Once an eruption has begun, a variety of data is generated through ground-based and remote sensing techniques, including eruption column heights and ash and gas distribution; pyroclastic density current and lava flow paths and volumes; petrology, geochemistry, and fluxes of erupting products and emitted gases; deformation; and seismicity. Accurate and frequent, possibly real-time or near-real-time, ingestion into databases would allow scientists at observatories to improve eruption modeling and forecasts of how the eruption will proceed and when it may end.
Despite the many existing databases, key information is not currently included, such as compositional information for eruptions over time; field data (e.g., maps and videos); ash fall, pyroclastic density current, lava flow, and lahar inundation maps; textural and sieve data; and samples including location information.
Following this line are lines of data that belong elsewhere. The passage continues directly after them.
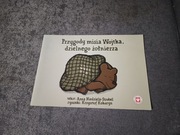 Przygody misia Wojtka, dzielnego żołnierza - komiks 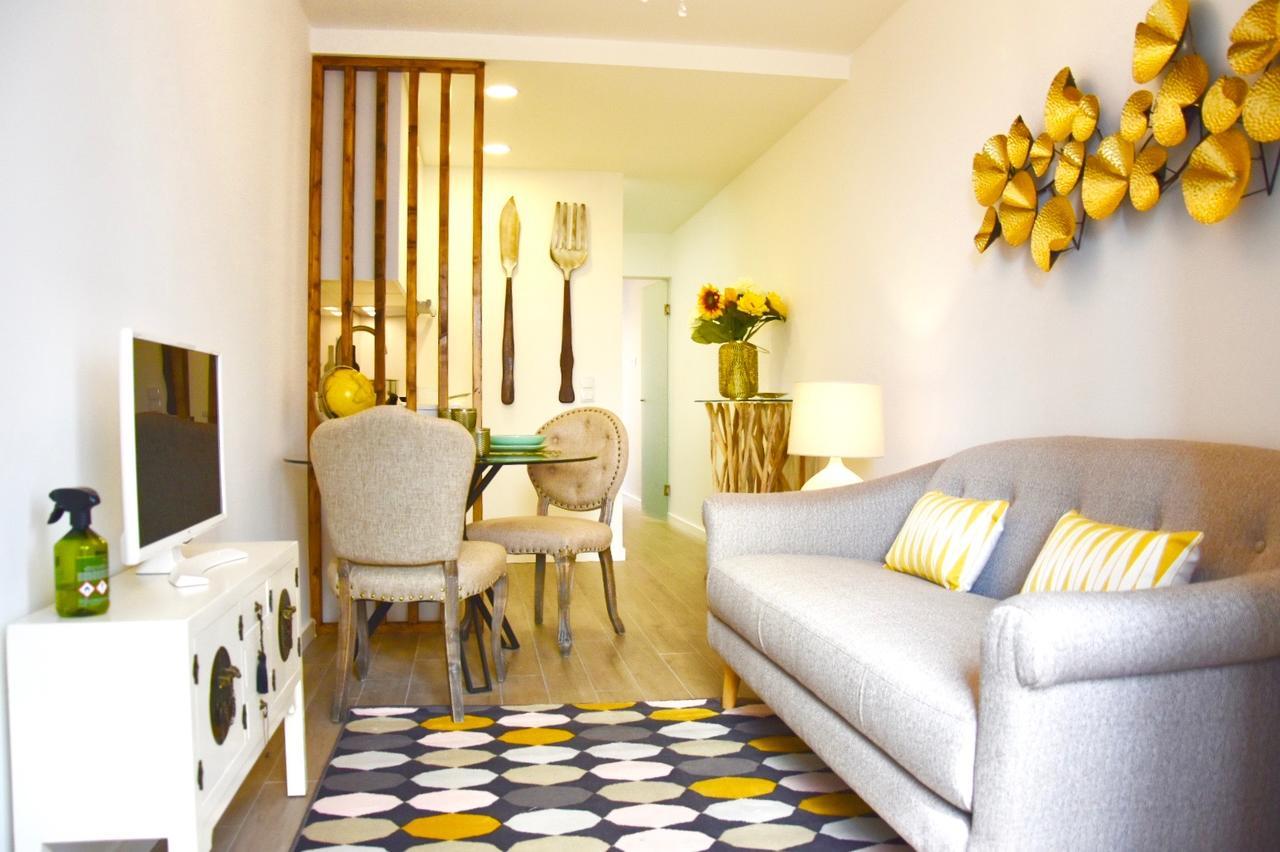 Principe Real Cecilio Apartments Lisbon Luaran gambar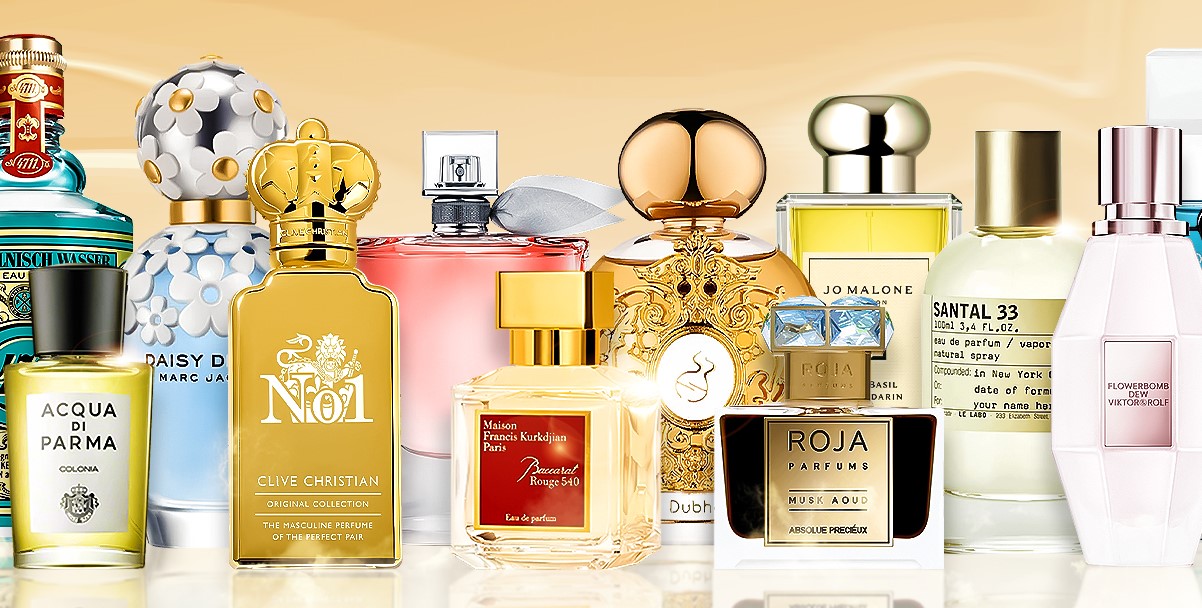 Perfume Market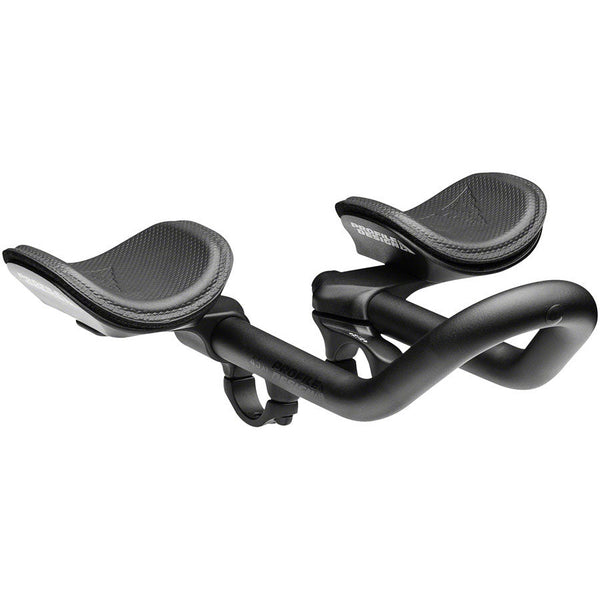 Profile Design Neosonic ErgoAR Aero Bar - 31.8 Clamp, 240mm, Black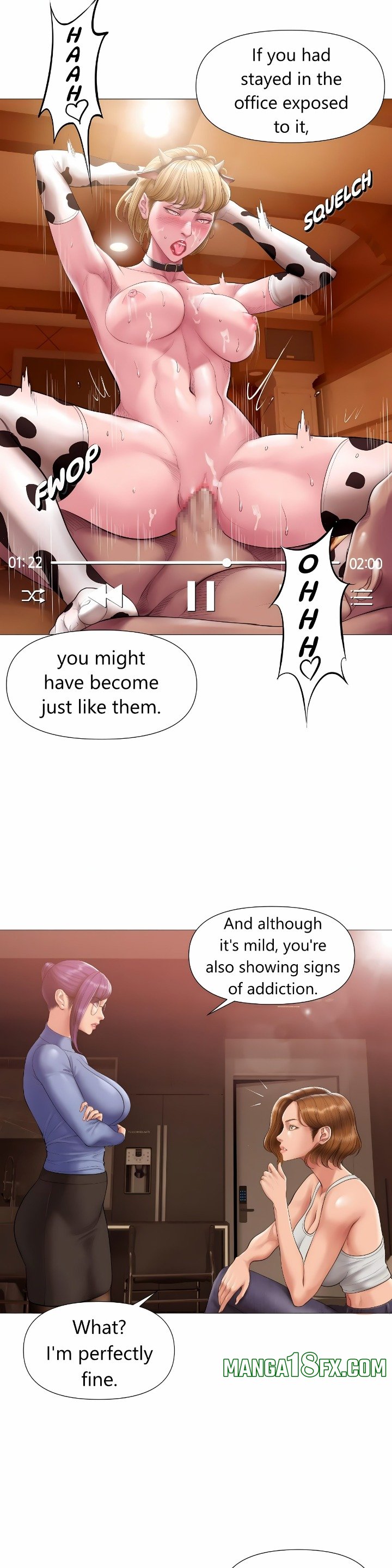 Smoking Hypnosis - Chapter 30 [photo 13] - MangaPorn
There are many challenges to moving toward a comprehensive volcano science database, including establishing standards for relevant data and metadata, linking databases through web services, and making a long-term commitment to maintenance. Significant efforts were required to develop standards for seismic networks, and these apply mainly to large networks such as the Global Seismic Network. Data from volcanoes are likely to be much more heterogeneous. Moreover, much of the relevant data are collected by volcano observatory staff, who have little time to disseminate them during heightened activity or may be concerned about public misunderstanding and alarm. The USGS will be making all published data publicly available, although mechanisms to share data with volcano scientists in real time have not yet been developed.
University researchers, who put enormous effort into data collection, may also be reluctant to make data freely available before publishing their interpretations. Different disciplines have different standards for data sharing. For example, there is a 2-year moratorium before seismic data must be made publicly available through the IRIS (Incorporated Research Institutions for Seismology) Data Management Center. Digital Object Identifiers provide one mechanism for acknowledging researchers’ contribution to data collections.
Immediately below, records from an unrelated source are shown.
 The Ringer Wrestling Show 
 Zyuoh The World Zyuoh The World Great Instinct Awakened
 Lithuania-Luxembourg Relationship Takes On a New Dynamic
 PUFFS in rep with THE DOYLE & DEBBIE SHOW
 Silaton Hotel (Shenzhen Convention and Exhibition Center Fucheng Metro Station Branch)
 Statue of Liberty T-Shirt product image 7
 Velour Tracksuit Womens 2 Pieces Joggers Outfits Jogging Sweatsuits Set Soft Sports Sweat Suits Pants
Additional challenges are specific to the USGS Volcano Disaster Assistance Program (VDAP). VDAP is deployed outside the United States following a formal request through the U.S. Agency for International Development. USGS employees are guests of the host countries and observatories. Part of their mission is to build capacity. The pattern has been for data to remain in the host country. There is thus an inherent tension between promoting the professional careers of local scientists by giving them primacy in publishing data, and ensuring that unique data are made available to the broader scientific community and archived in perpetuity.
Observatory and academic volcano scientists are currently well positioned to foster partnerships to take full advantage of rich data sets collected through monitoring and ensure that scientific gains from future major eruptions are maximized. Bringing together the different knowledge, expertise, and perspectives of these two groups will contribute to building a strong volcano science community capable of making new discoveries, developing and testing new instrumentation and monitoring techniques, and implementing more accurate and sophisticated forecasting models. USGS–academic partnerships can support the mission of the USGS by expanding the community of scientists studying volcanoes, and by training the next generation of professionals engaged in volcano science. The National Earthquake Hazards Reduction Program program7 has been successful in promoting such partnerships for earthquake science.
Volcano observatories excel at long-term volcano monitoring, as exemplified by the recent centennial of the USGS Hawaiian Volcano Observatory (Babb et al., 2011). These activities result in long-duration data sets that could not be collected by academic researchers through standard (e.g., NSF) funding mechanisms. While the primary use of these data is to assess the current state of a volcano and its potential for eruptive activity, collaborative retrospective analyses of monitoring data have led to many new insights on the fundamental processes that govern volcanic behavior (e.g., Carey et al., 2015). Such collaborative efforts lead to scientific advances while supporting the mission of the observatories as new instruments, analytical techniques, and models become incorporated into monitoring efforts.
Observatory–academic partnerships are an ideal vehicle for training the next generation of volcano scientists through graduate student internships and postdoc positions, taking advantage of the observatories’ proximity to active volcanoes, experienced and multidisciplinary staff, and exposure to the challenges of maintaining monitoring networks. Some of the fundamental questions highlighted in this report could
be tackled through research projects cosupervised by observatory and academic partners and supported through national funding agencies. Educational exchanges would benefit both groups. Moreover, observatory personnel from developing countries could attend graduate school in the United States, ideally leading to knowledge transfer, while access to a student workforce could help observatories fully mine data archives resulting from monitoring activities.
A major challenge in understanding volcanoes is that significant leaps in understanding volcanic processes tend to occur during and immediately following rare well-observed major or otherwise significant eruptions (e.g., Mount St. Helens in 1980, Pinatubo in 1991, and Eyjafjallajökull in 2010). It is thus critical that academic and observatory partners prepare in advance to maximize comprehensive and high-quality observations of the next major eruption (IAVCEI Task Group on Crisis Protocols, 2016). Careful long-term planning during “peacetime” is key for managing complementary objectives during the crisis: forecasting and hazard mitigation, and high-quality data and sample collection. Academic partners would need to provide observatory partners with a description of capabilities and/or resources they could contribute during a crisis or periods of volcanic unrest as well as a summary of data they need to advance scientific understanding. Furthermore, best practices for the collection of critical and ephemeral data and samples need to be established in advance to avoid loss. Finally, academic scientists would need to formulate an action plan to coordinate personnel and equipment and to disseminate the resulting data and samples within the community.
An effective volcano science community requires several elements, including the following:
- Support for interdisciplinary collaboration and training, which is essential to making discoveries and integrating models and measurements;
- Shared community infrastructure, which is necessary for state-of-the-art modeling, analytical facilities, monitoring, and field experiments;
- Databases that preserve and facilitate open exchange of information and hence enable exploration of the life cycle of volcanoes and improve forecasting;
- New technology and instruments that permit new detection, measurements, and sampling, including previously inaccessible parts of ongoing eruptions;
- A coordinated response by the research community to eruptions globally to overcome observational bias; and
- Volcano observatory–academic partnerships, which will accelerate the translation of basic science to applications and monitoring.